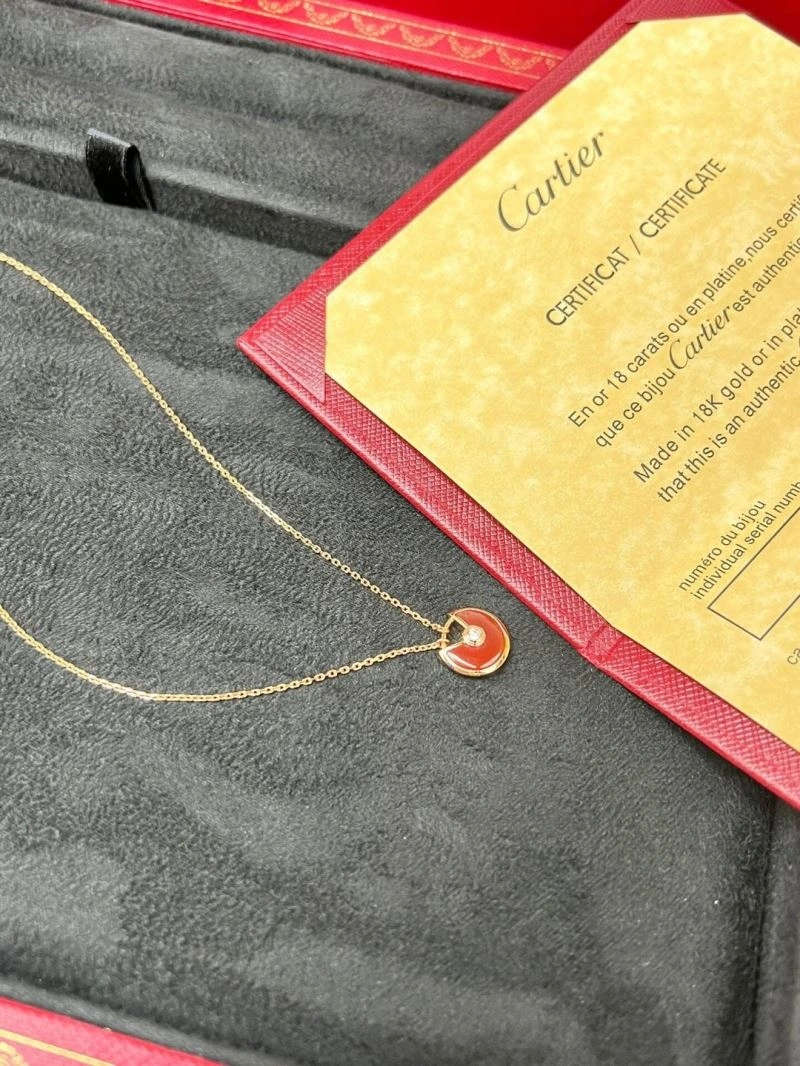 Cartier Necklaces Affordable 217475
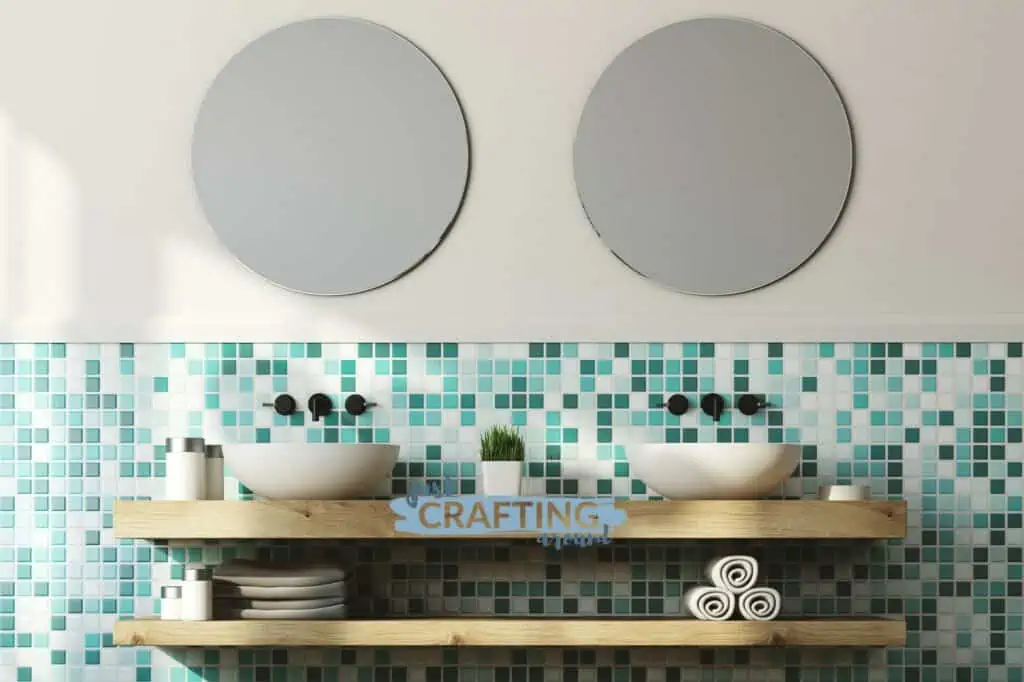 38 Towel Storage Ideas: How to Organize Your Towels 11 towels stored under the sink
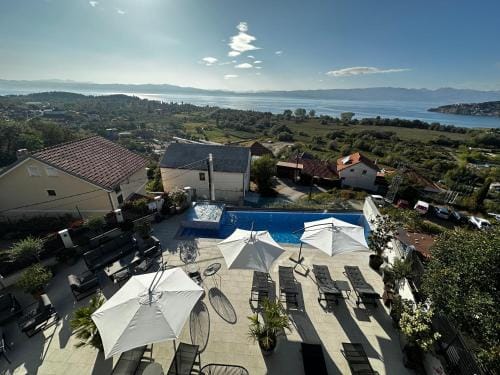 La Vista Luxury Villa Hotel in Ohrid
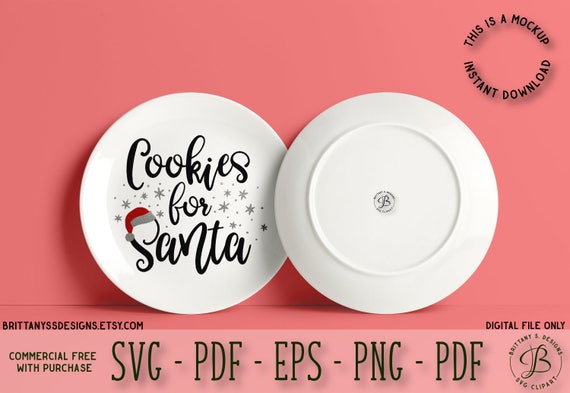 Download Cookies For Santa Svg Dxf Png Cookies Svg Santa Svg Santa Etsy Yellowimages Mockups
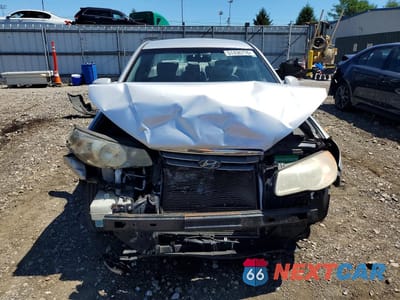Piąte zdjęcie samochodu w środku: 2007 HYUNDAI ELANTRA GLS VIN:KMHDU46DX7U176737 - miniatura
----
**Work task**: Leaving the pictures out, reproduce the entries above exactly.

**Answer box**:
 Cartier Necklaces Affordable 217475
 38 Towel Storage Ideas: How to Organize Your Towels 11 towels stored under the sink
 La Vista Luxury Villa Hotel in Ohrid
 Download Cookies For Santa Svg Dxf Png Cookies Svg Santa Svg Santa Etsy Yellowimages Mockups
Piąte zdjęcie samochodu w środku: 2007 HYUNDAI ELANTRA GLS VIN:KMHDU46DX7U176737 - miniatura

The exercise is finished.